Nell’Antipurgatorio. Secondo balzo. Pendici del Purgatorio. Il poeta, dopo che insieme a Virgilio ha incontrato Sordello da Goito, il più importante trovatore italiano, discosto dai negligenti “morti per forza”, e aver descritto l’incontro tra Virgilio e costui, suo conterraneo, in questi termini: “… e mentre la cara guida iniziava a dire «Mantova…», l’ombra, tutta raccolta in sé e sola, si levò in piedi verso di lui dal luogo in cui stava in precedenza, dicendo: «O Mantovano, io sono Sordello della tua patria!»; e l’uno abbracciava l’altro”, parte con la lancia in resta, inveendo contro l’Italia, la Chiesa di Roma, l’imperatore dell’epoca e la sua città natale, in particolare contro i suoi avversari Guelfi di parte Nera.

La prima di tali invettive, famosissima, che reca questo inizio: “Ahi Italia schiava, ricettacolo di sofferenza, nave senza timoniere durante una grande tempesta, non più signora di popoli, ma postribolo!”, è quindi diretta contro l’Italia dilaniata dalle lotte intestine, nido di corruzione e di decadenza, mentre viene paragonata a una bestia selvaggia contraria a ogni disciplina e a ogni legge.

Segue quella contro la Chiesa di Roma, che attraverso i suoi alti prelati, invece di dedicarsi esclusivamente a Dio, si occupa degli affari civili, così confondendo malamente potere spirituale e temporale, di competenza dell’imperatore.

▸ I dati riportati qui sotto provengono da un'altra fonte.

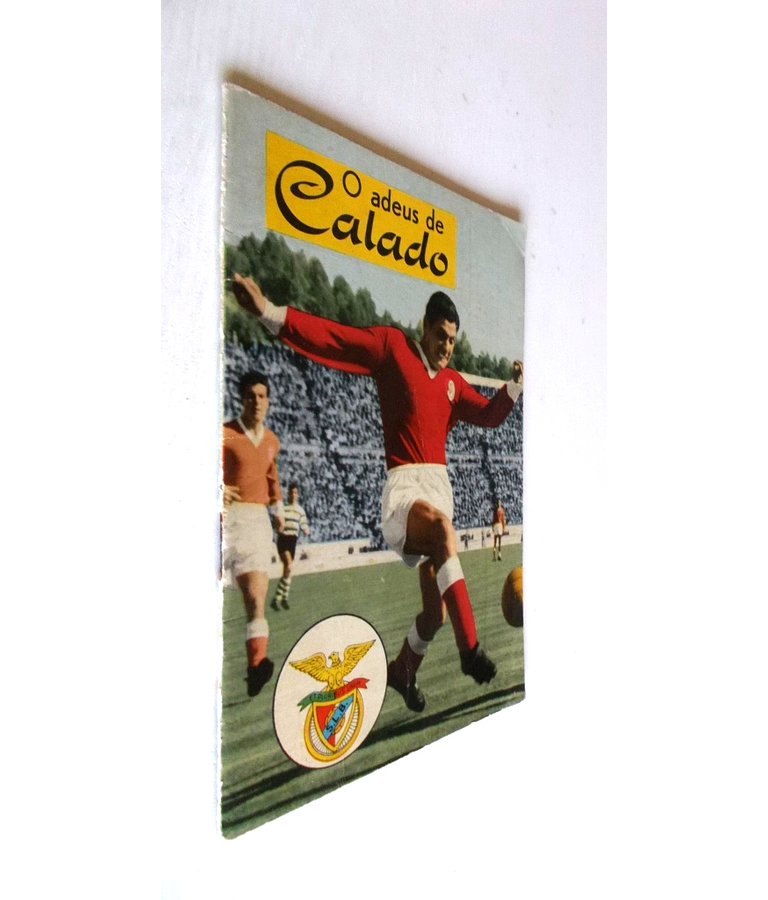 O Adeus de Calado (Benfica)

A proposito del quale, gli si rivolge in tal modo (e siamo alla terza invettiva): “O Alberto tedesco che abbandoni costei che è diventata indomabile e irrequieta, mentre dovresti guidarla, una giusta vendetta scenda dai cieli sopra la tua discendenza, e sia straordinaria e manifesta, tale che il tuo successore ne abbia paura! Dal momento che tu e tuo padre avete tollerato, trattenuti di là delle Alpi dalla brama di governare la Germania, che il giardino dell’impero sia reso come un deserto”.

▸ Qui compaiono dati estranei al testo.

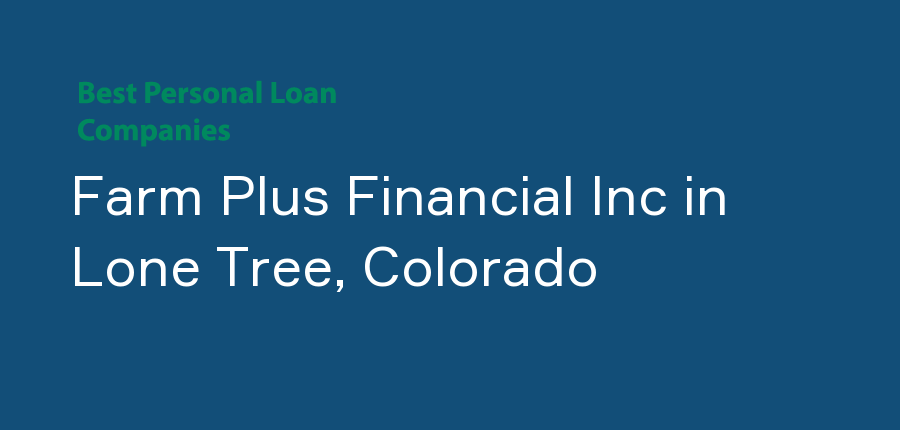 Farm Plus Financial Inc in Colorado, Lone Tree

Da ultimo, a completare il doloroso sfogo, inveisce contro la sua amata patria, verso la quale si rivolge con amara ironia: “Mia Firenze, puoi essere felice davvero di questa divagazione che non ti riguarda, in grazia del tuo popolo che si dà da fare” (n.d.r., il ‘popolo’, come detto sopra, è rappresentato dai suoi avversari della fazione guelfa dei Neri, che lo hanno costretto a un infamante esilio).

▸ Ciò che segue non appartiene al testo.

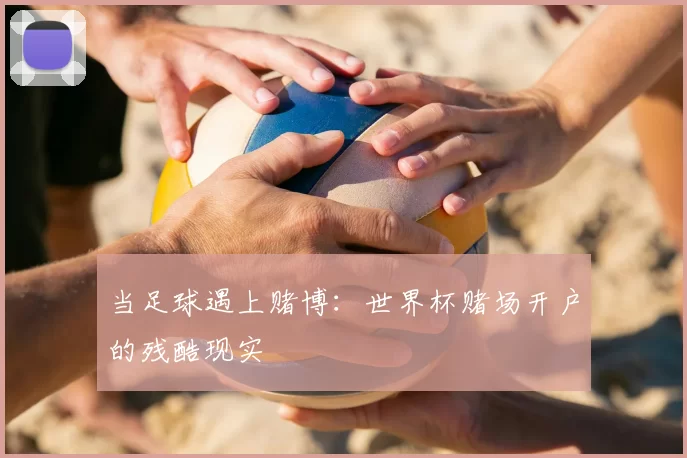 当足球遇上赌博：世界杯赌场开户的残酷现实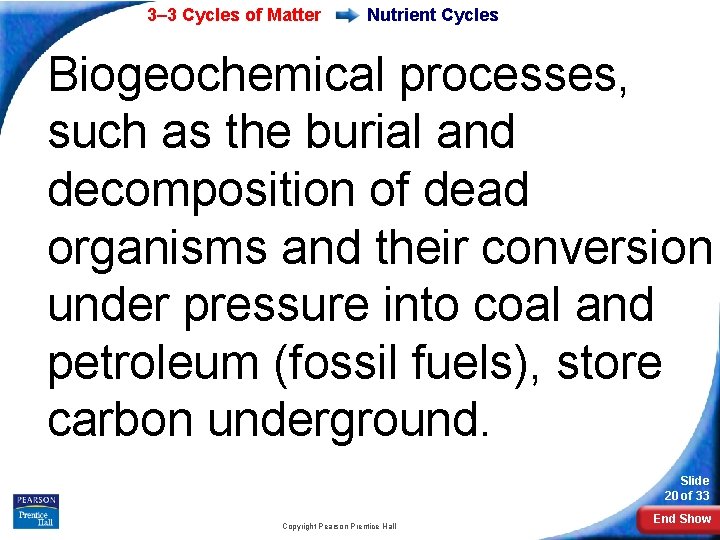 3– 3 Cycles of Matter Nutrient Cycles Biogeochemical processes, such as the burial and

E a tutto ciò, cioè alla rappresentazione di una società in cui i sono banditi i supremi ideali dell’ordinato vivere civile, si aggiunge l’invocazione disperata per un soccorso divino, nella fattispecie rappresentato da Cristo: “E se mi è permesso, o sommo Cristo che fosti crocifisso per noi in Terra, i tuoi giusti occhi sono rivolti verso un altro luogo? O prepari nella profondità imperscrutabile della tua mente provvidenziale qualche bene completamente separato dalla nostra capacità d’intendere o di giudicare?”, che possa mettere fine al postribolo italico.